Brown Site Preservation Timeline, 1990-2004
By September of 1990, a task force was in place and the work to convert the vacant schoolhouse into a National Park began. A synopsis of the process follows:
Fall 1990
Letter writing campaign to ask Kansas congressional delegation to direct the National Park Service to conduct a study to determine the suitability and feasibility of using the Monroe School building as a national park. Met with Under Secretary of Interior, Director of National Park Service, and Associate Director for Cultural Resources to update them on local efforts and the need for funding once the study was requested. The Foundation located funds, via the congressional delegation, to have NPS conduct the study.
Spring 1991
NPS study team arrived in Topeka for initial assessment. Foundation submitted a position paper to study team, outlining preference for how the site might develop.
Summer 1991
NPS study team conducted on-site research to complete suitability and feasibility document.
Fall 1991
Foundation requested clarification and assistance from the Kansas State Historical Society on the application process for National Historic Landmark (NHL) designation. Brown Foundation made presentation before the NPS Advisory Board to request NHL designation.
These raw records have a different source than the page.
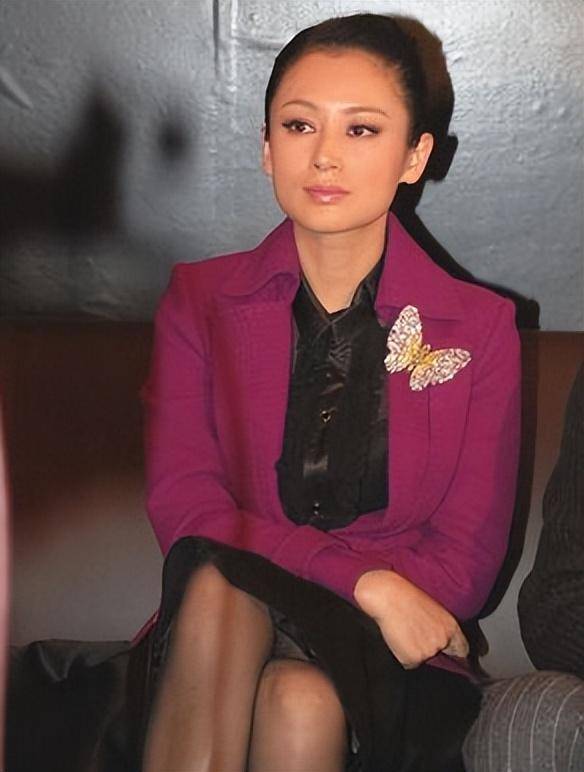 “大陆第一美人”两大名导为其沉迷<strong></p>
<p>币安怎么玩</strong>，今55岁却像25岁的她经历了啥
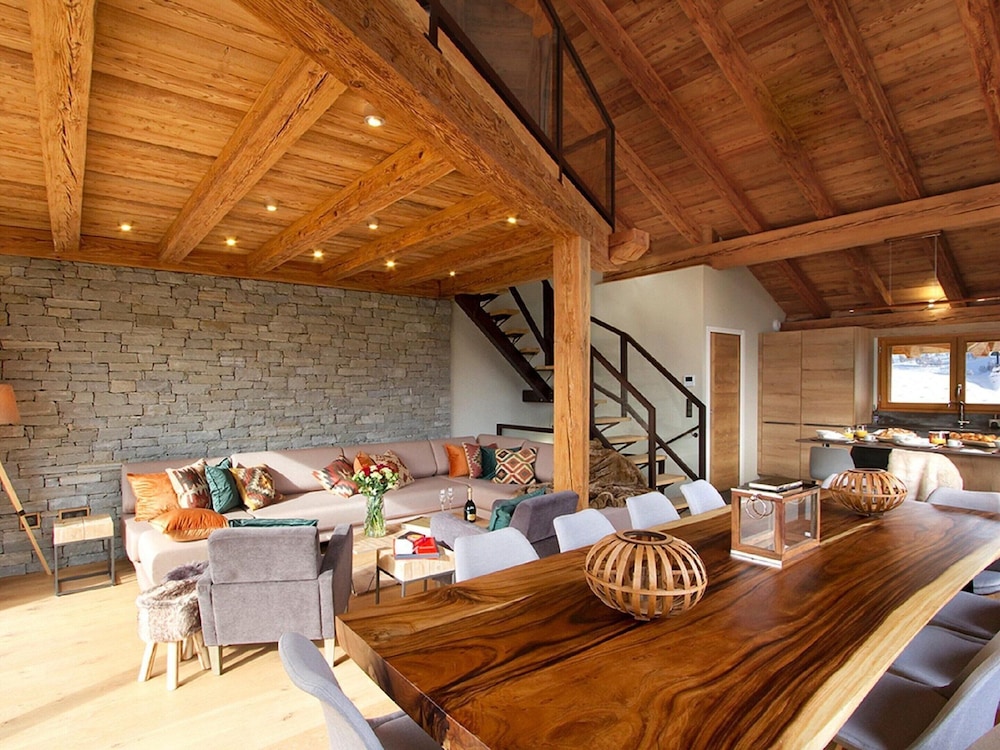 Chalet in Les Deux Alpes With Hot Tub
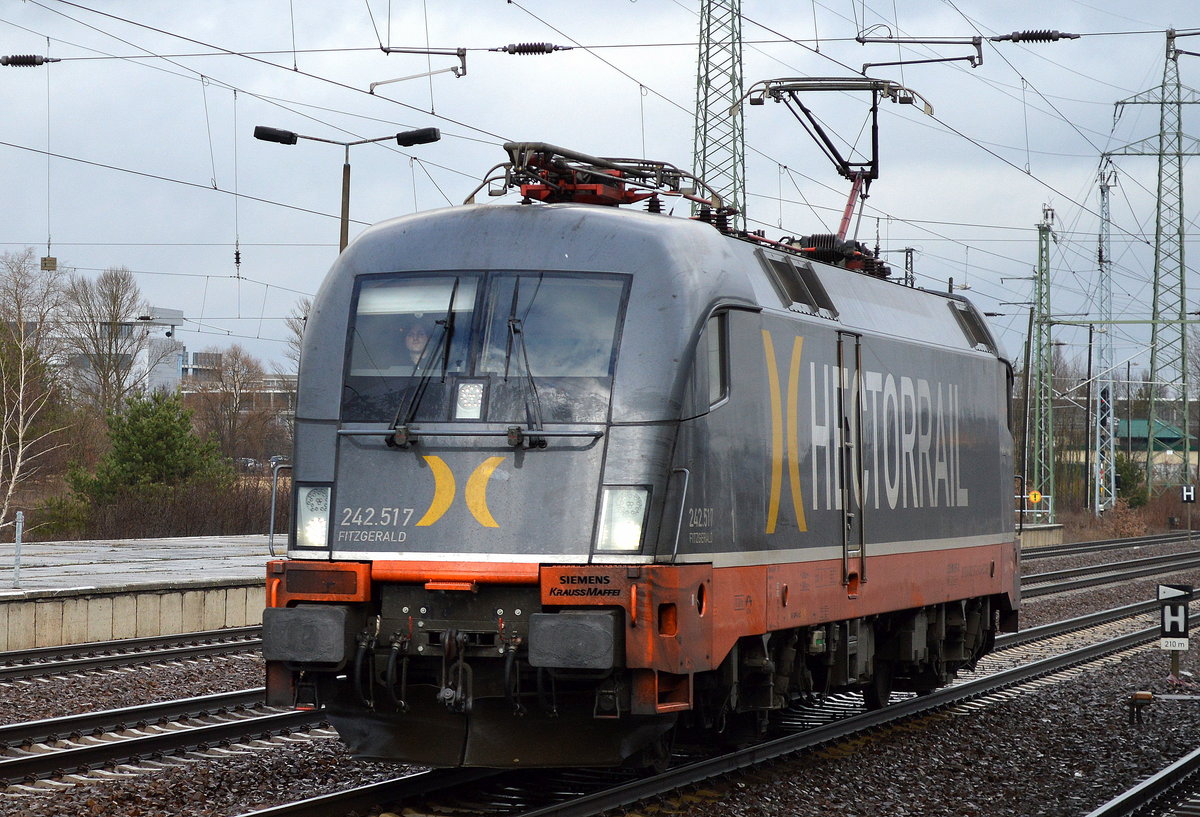 Wenn ich das richtig mitbekommen habe fährt Locomore nachwievor nicht mehr täglich 1x nach Stuttgart und zurück (was für eine Fehlplanung mit den Wagen, wirklich schade, angeblich soll es ab April wieder regulär weitergehen), hier fuhr die angemietete Hectorrail 242.517 überraschend alleine durch den Bf. Flughafen Berlin-Schönefeld, 01.03.17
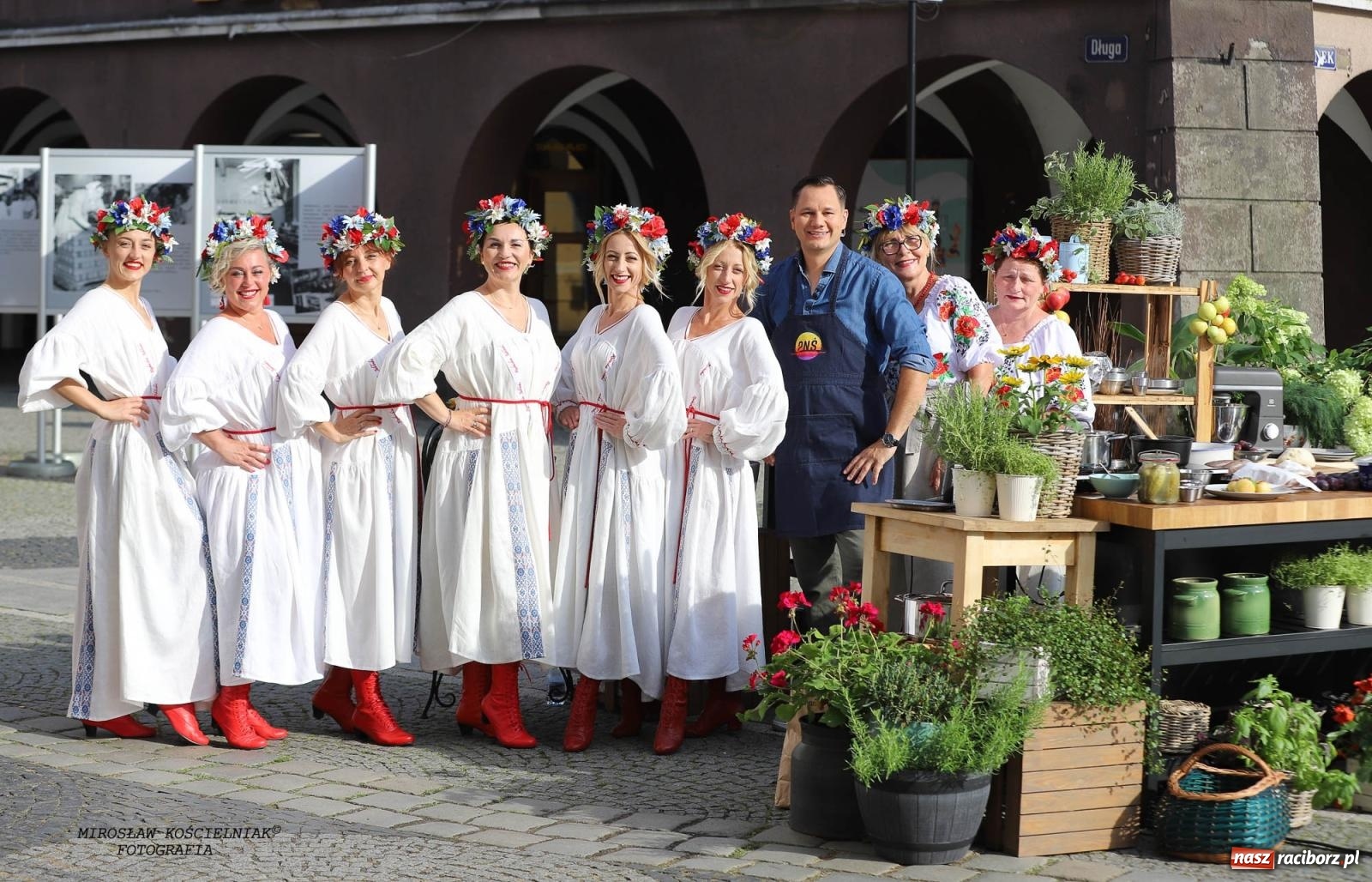 Zdjęcie w galerii na portalu naszraciborz.pl: Pytanie na Śniadanie TVP w Raciborzu. Na Rynku, na zamku, w grodzie i arboretum [FOTO] wiadomości z regionu
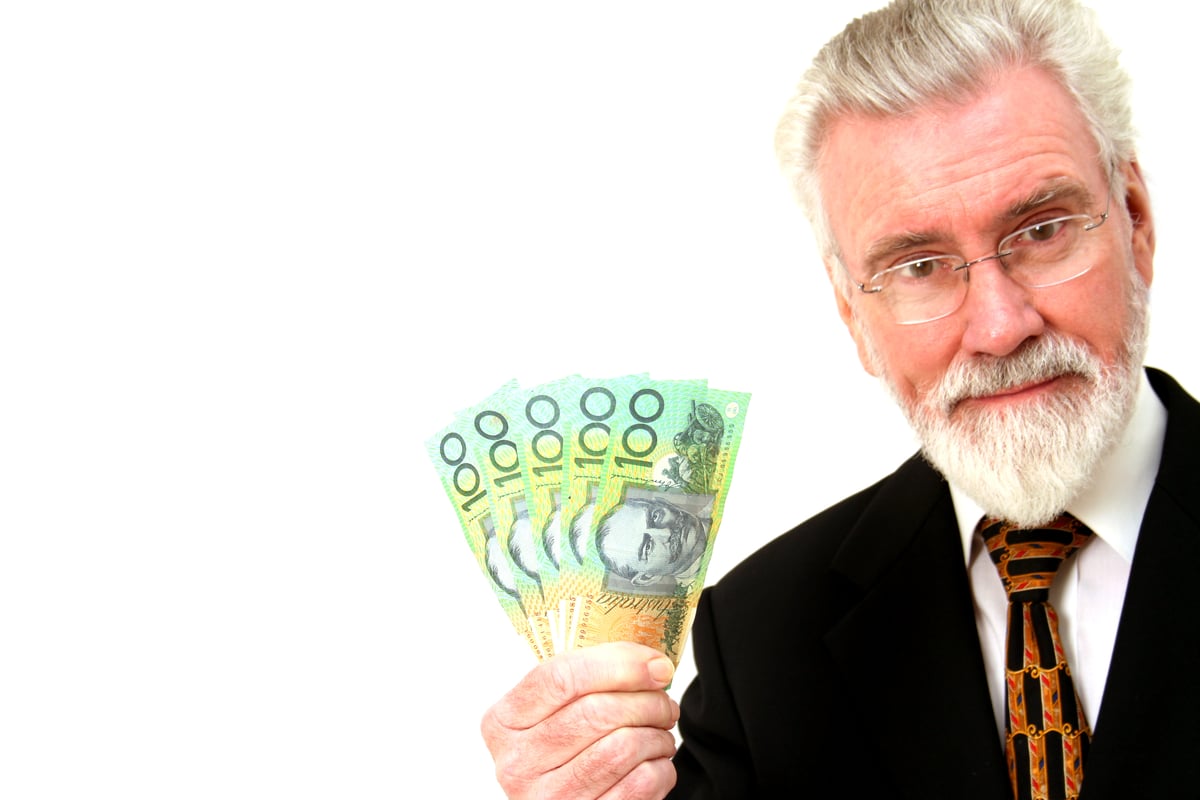 2 Monthly Dividend Stocks to Buy That Haven't Cut Their Payouts in More Than 6 Years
Received official notification of NHL designation in November 1991. Held local news conference to provide a forum for the Assistant Secretary of Interior for Fish, Wildlife, and Parks to make the announcement in person. At that time the position was held by the former Governor of Kansas. Met with officials of the Trust for Public Lands to interest them in an option on the property to ensure the owner of a sale.
Spring 1992
The Foundation developed draft legislation to be used as a concept for establishing a national park at the site of Monroe Elementary School. Met with congressional delegation staff and assistant to the Secretary for Fish, Wildlife, and Parks. Foundation convened ceremony to dedicate the Monroe Elementary School as a National Historic Landmark.
Summer 1992
Congressional delegation staff and Foundation prepare legislation to be introduced in the U.S. Senate in July. Senate hearing convened in August. Brown Foundation provides testimony. Senate legislation passes.
Fall 1992
Legislation introduced in the House. Special hearing convened. Brown Foundation provides testimony. Legislation passed in the House. President George Bush signs the Brown v. Board of Education National Historic Site Act of 1992 into law on Oct. 26, 1992.
Spring 1993
NPS appoints a planning team including representation from the Brown Foundation. Planning team begins work on site. Brown Foundation enters into a Cooperative Agreement with the National Park Service for planning and programs.
1994-2004
Planning process continues to determine management, historic interpretation and building usage. Projected opening for the Brown v. Board of Education National Historic Site in late 2003. The old schoolhouse will be used as a visitor's center with interpretive exhibits, special programs and a resource library.